=== Materials provided ===

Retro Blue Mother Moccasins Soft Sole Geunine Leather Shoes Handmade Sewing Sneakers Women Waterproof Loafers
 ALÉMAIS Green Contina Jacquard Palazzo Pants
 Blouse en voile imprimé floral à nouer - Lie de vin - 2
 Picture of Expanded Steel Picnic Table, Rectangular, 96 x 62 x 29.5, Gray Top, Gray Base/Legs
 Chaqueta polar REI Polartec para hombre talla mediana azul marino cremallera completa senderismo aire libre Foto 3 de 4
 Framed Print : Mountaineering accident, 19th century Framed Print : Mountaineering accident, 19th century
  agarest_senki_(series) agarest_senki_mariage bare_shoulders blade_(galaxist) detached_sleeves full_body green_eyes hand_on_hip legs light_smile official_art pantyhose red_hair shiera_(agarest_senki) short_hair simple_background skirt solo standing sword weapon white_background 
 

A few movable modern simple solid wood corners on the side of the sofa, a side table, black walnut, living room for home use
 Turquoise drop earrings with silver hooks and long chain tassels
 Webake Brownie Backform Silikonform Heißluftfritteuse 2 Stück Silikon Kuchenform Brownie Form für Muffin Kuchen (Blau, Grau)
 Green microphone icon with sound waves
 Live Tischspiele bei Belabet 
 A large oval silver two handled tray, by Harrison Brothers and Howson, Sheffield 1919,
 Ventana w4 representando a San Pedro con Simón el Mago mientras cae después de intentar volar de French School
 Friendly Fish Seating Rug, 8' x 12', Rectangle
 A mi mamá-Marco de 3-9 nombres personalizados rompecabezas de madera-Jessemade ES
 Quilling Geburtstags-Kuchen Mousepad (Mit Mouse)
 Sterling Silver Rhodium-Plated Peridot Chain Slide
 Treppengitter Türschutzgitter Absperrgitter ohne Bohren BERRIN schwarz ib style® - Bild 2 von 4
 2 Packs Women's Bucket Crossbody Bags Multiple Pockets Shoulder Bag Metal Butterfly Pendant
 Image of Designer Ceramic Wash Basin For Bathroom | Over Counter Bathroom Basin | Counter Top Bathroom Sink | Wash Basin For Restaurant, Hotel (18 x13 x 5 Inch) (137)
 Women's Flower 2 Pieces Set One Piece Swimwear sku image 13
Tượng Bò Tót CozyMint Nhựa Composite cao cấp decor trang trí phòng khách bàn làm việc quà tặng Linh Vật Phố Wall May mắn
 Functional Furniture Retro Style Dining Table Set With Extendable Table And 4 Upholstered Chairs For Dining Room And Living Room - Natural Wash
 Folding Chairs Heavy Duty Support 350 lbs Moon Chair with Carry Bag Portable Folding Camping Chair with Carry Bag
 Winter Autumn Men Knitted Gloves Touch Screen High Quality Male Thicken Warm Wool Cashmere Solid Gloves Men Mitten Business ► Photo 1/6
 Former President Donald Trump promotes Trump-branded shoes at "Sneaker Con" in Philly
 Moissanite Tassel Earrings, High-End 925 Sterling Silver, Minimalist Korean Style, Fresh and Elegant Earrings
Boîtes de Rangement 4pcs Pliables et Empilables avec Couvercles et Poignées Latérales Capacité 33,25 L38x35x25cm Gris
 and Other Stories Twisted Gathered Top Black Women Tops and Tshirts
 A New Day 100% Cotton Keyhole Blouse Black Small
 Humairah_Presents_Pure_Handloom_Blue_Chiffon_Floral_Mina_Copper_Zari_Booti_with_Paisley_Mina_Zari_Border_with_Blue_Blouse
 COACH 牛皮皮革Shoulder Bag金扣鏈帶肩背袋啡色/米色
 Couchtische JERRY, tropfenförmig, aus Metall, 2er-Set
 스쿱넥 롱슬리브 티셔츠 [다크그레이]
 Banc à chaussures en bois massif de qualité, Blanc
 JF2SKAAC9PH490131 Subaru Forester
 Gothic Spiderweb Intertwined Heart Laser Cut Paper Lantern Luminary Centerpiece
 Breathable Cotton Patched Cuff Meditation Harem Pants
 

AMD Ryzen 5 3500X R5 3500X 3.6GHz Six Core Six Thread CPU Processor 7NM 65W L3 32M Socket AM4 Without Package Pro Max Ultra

===

▶ [Work required]:
Your output should match the records above word for word.

▶ [Exercise result]:
Retro Blue Mother Moccasins Soft Sole Geunine Leather Shoes Handmade Sewing Sneakers Women Waterproof Loafers
 ALÉMAIS Green Contina Jacquard Palazzo Pants
 Blouse en voile imprimé floral à nouer - Lie de vin - 2
 Picture of Expanded Steel Picnic Table, Rectangular, 96 x 62 x 29.5, Gray Top, Gray Base/Legs
 Chaqueta polar REI Polartec para hombre talla mediana azul marino cremallera completa senderismo aire libre Foto 3 de 4
 Framed Print : Mountaineering accident, 19th century Framed Print : Mountaineering accident, 19th century
  agarest_senki_(series) agarest_senki_mariage bare_shoulders blade_(galaxist) detached_sleeves full_body green_eyes hand_on_hip legs light_smile official_art pantyhose red_hair shiera_(agarest_senki) short_hair simple_background skirt solo standing sword weapon white_background 
 

A few movable modern simple solid wood corners on the side of the sofa, a side table, black walnut, living room for home use
 Turquoise drop earrings with silver hooks and long chain tassels
 Webake Brownie Backform Silikonform Heißluftfritteuse 2 Stück Silikon Kuchenform Brownie Form für Muffin Kuchen (Blau, Grau)
 Green microphone icon with sound waves
 Live Tischspiele bei Belabet 
 A large oval silver two handled tray, by Harrison Brothers and Howson, Sheffield 1919,
 Ventana w4 representando a San Pedro con Simón el Mago mientras cae después de intentar volar de French School
 Friendly Fish Seating Rug, 8' x 12', Rectangle
 A mi mamá-Marco de 3-9 nombres personalizados rompecabezas de madera-Jessemade ES
 Quilling Geburtstags-Kuchen Mousepad (Mit Mouse)
 Sterling Silver Rhodium-Plated Peridot Chain Slide
 Treppengitter Türschutzgitter Absperrgitter ohne Bohren BERRIN schwarz ib style® - Bild 2 von 4
 2 Packs Women's Bucket Crossbody Bags Multiple Pockets Shoulder Bag Metal Butterfly Pendant
 Image of Designer Ceramic Wash Basin For Bathroom | Over Counter Bathroom Basin | Counter Top Bathroom Sink | Wash Basin For Restaurant, Hotel (18 x13 x 5 Inch) (137)
 Women's Flower 2 Pieces Set One Piece Swimwear sku image 13
Tượng Bò Tót CozyMint Nhựa Composite cao cấp decor trang trí phòng khách bàn làm việc quà tặng Linh Vật Phố Wall May mắn
 Functional Furniture Retro Style Dining Table Set With Extendable Table And 4 Upholstered Chairs For Dining Room And Living Room - Natural Wash
 Folding Chairs Heavy Duty Support 350 lbs Moon Chair with Carry Bag Portable Folding Camping Chair with Carry Bag
 Winter Autumn Men Knitted Gloves Touch Screen High Quality Male Thicken Warm Wool Cashmere Solid Gloves Men Mitten Business ► Photo 1/6
 Former President Donald Trump promotes Trump-branded shoes at "Sneaker Con" in Philly
 Moissanite Tassel Earrings, High-End 925 Sterling Silver, Minimalist Korean Style, Fresh and Elegant Earrings
Boîtes de Rangement 4pcs Pliables et Empilables avec Couvercles et Poignées Latérales Capacité 33,25 L38x35x25cm Gris
 and Other Stories Twisted Gathered Top Black Women Tops and Tshirts
 A New Day 100% Cotton Keyhole Blouse Black Small
 Humairah_Presents_Pure_Handloom_Blue_Chiffon_Floral_Mina_Copper_Zari_Booti_with_Paisley_Mina_Zari_Border_with_Blue_Blouse
 COACH 牛皮皮革Shoulder Bag金扣鏈帶肩背袋啡色/米色
 Couchtische JERRY, tropfenförmig, aus Metall, 2er-Set
 스쿱넥 롱슬리브 티셔츠 [다크그레이]
 Banc à chaussures en bois massif de qualité, Blanc
 JF2SKAAC9PH490131 Subaru Forester
 Gothic Spiderweb Intertwined Heart Laser Cut Paper Lantern Luminary Centerpiece
 Breathable Cotton Patched Cuff Meditation Harem Pants
 

AMD Ryzen 5 3500X R5 3500X 3.6GHz Six Core Six Thread CPU Processor 7NM 65W L3 32M Socket AM4 Without Package Pro Max Ultra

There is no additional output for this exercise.